It finally happened. I put thought to deed and bought a MacBook Pro.
The University of Washington Bookstore Tech Center holds a Tax Free Day on Apple computers every so often, and I decided to take advantage of one.
I went with the cheapest option: a rustic MacBook Pro with ye olde hardde drive, and a slot for optical media. None of this Retina display or flash memory business. Air is something you breathe.
The primary aim for this machine is for web work. It’s not my first time using a Mac.
As previously mentioned, I worked in a dev shop run on Macs from 2010 to 2011. Now that I’ve had this Mac for a week, I remember all the little conveniences that made web development easier. Namely, the Terminal.
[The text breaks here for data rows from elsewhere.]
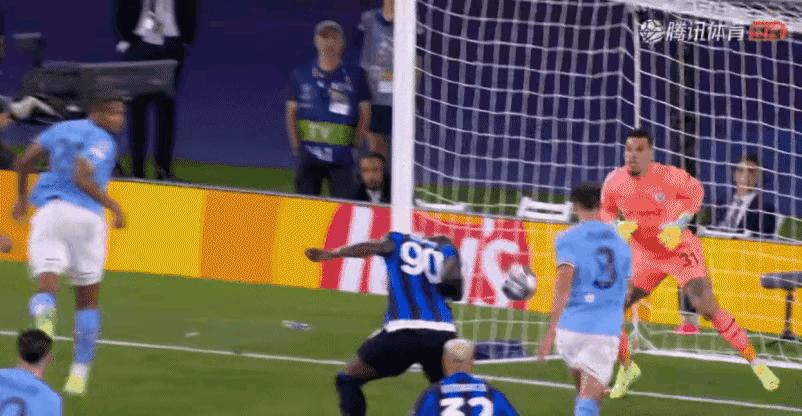 欧冠德布劳内场边哭了,欧冠决赛德布劳内最后看到的画面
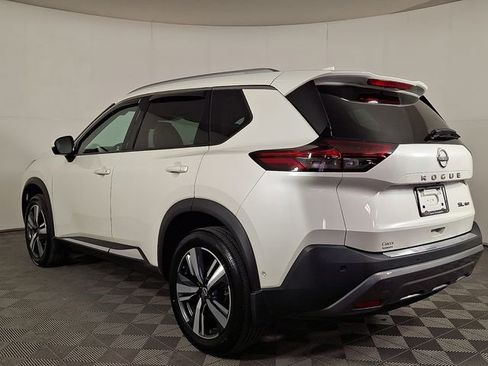 Used 2023 Nissan Rogue SL w/ SL Premium Package image 8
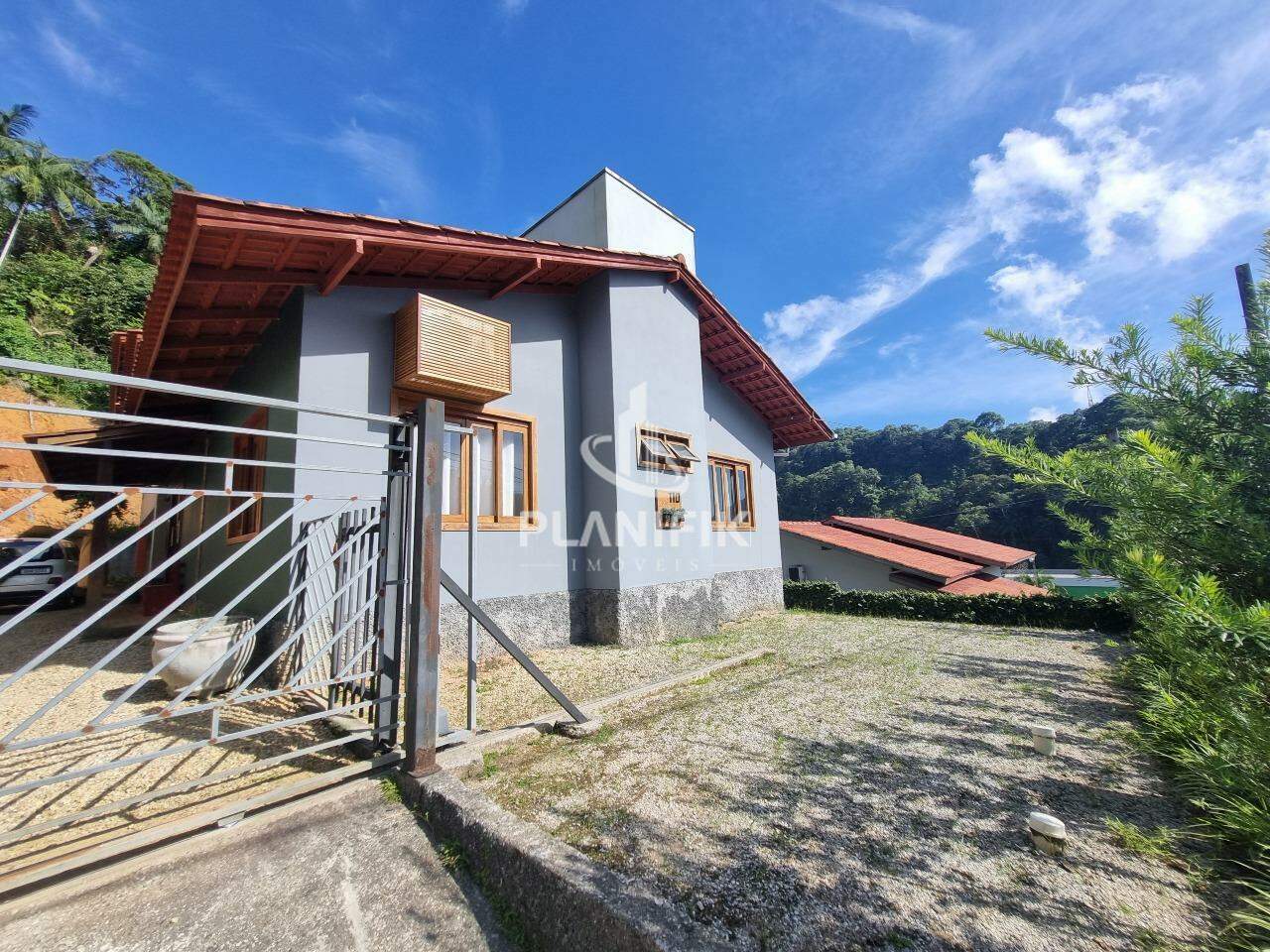 Casa de 4 quartos, 219m² no bairro São Pedro, em Brusque | Eu Corretor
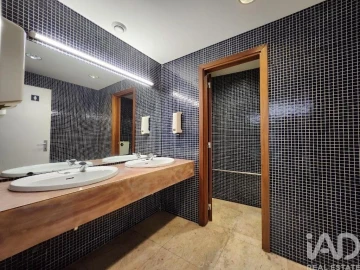 Loja para Venda em Pena, Quintã e Vila Cova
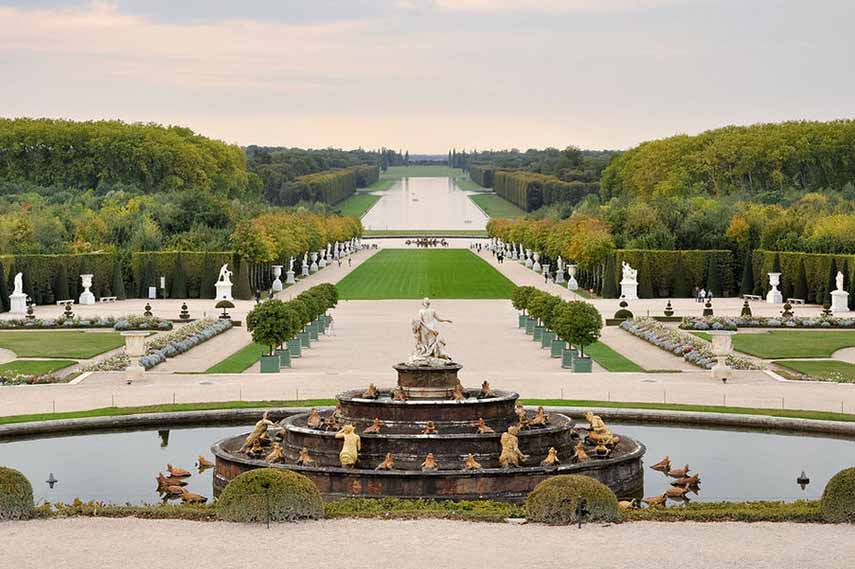 Olafur Eliasson Versailles studio press france home 2016
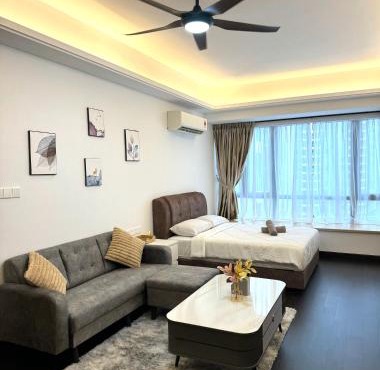 R&F Princess Cove Swimming View By TGW STUDIO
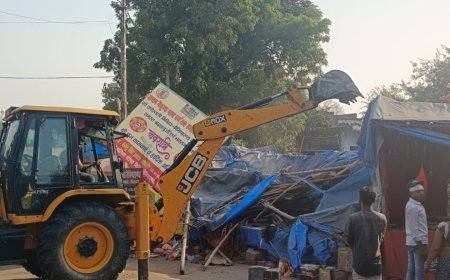 Sitapur News: नैमिषारण्य तीर्थ में गरजा बुलडोजर, कॉरिडोर निर्माण के चलते की गई कार्यवाही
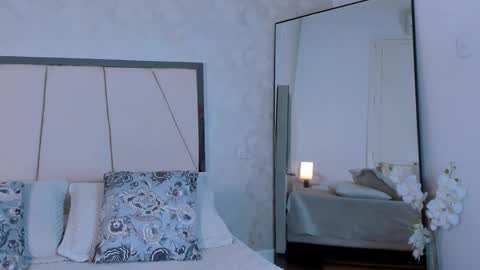 Lilit online show from November 18, 8:54 pm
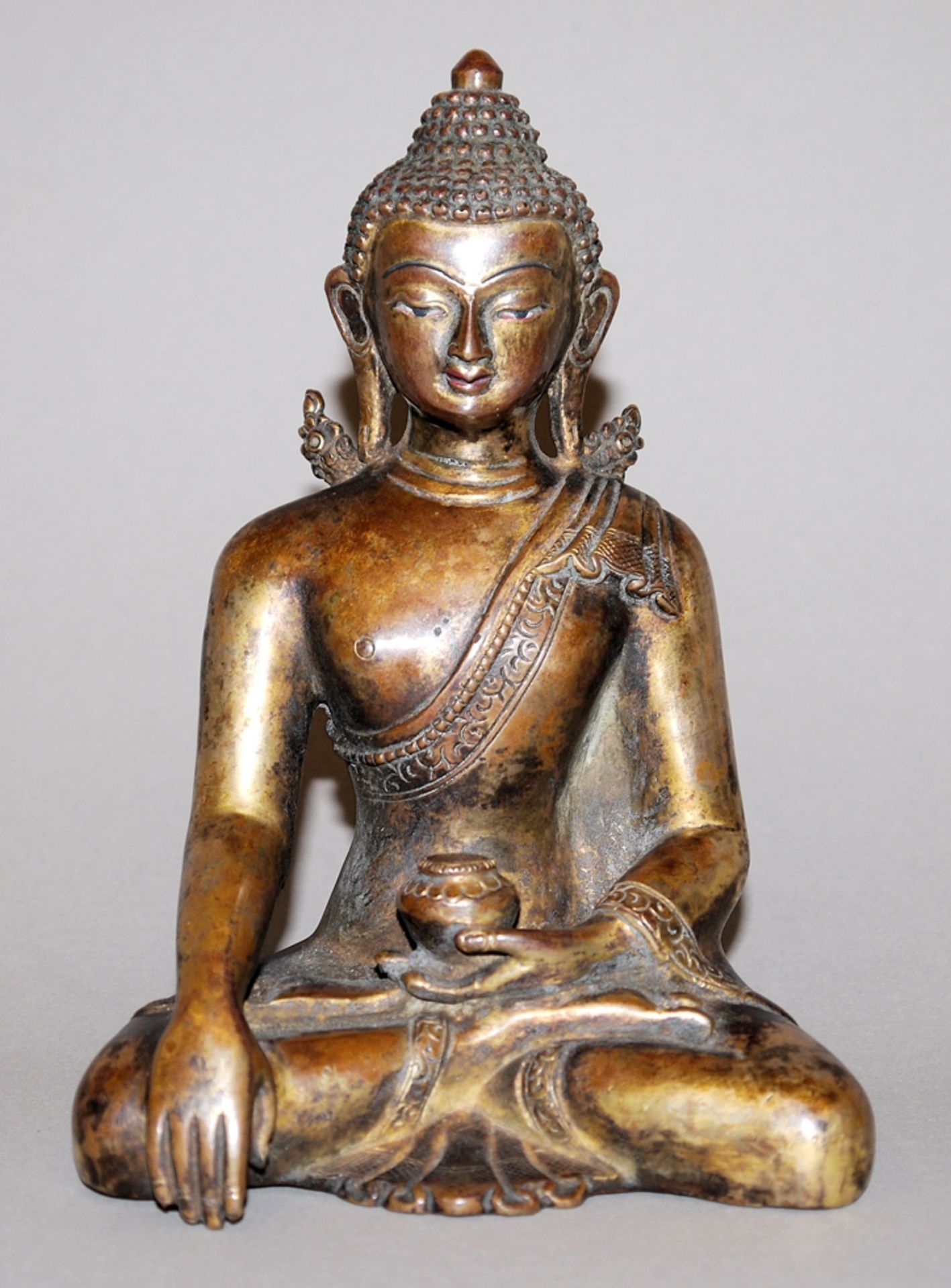 Tibetische Bronze des Dhyani-Buddha Akshobhya, 19./20. Jh.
In Windows world, you need a separate program to make a secure shell connection — Cygwin or PuTTY. I find myself dreading the Windows DOS prompt when I do work in the office. Switching back and forth between back-slash and forward-slash is a few microseconds of mental friction that adds up over the course of a work day.
The Terminal on my Mac gets rid of that friction and actually makes development … pleasant.
So pleasant, in fact, I’ve actually gotten quite a bit of work done. I created some new WordPress themes for this site and Musicwhore.org, learning Bootstrap in the process.
As I type this, I’m lying on my futon instead of sitting at the kitchen table. My current Windows laptop is a Dell I bought in 2007, and it’s a hulking piece of metal I wouldn’t consider setting on my lap.
I doubt this MacBook Pro is going to become my primary machine. I definitely wouldn’t use it to run Cakewalk SONAR, the digital audio workstation I use for my music projects. And I’m debating whether I want to sully this machine with Parallels and Windows.
For now, I’ll enjoy the productivity this machine is enabling.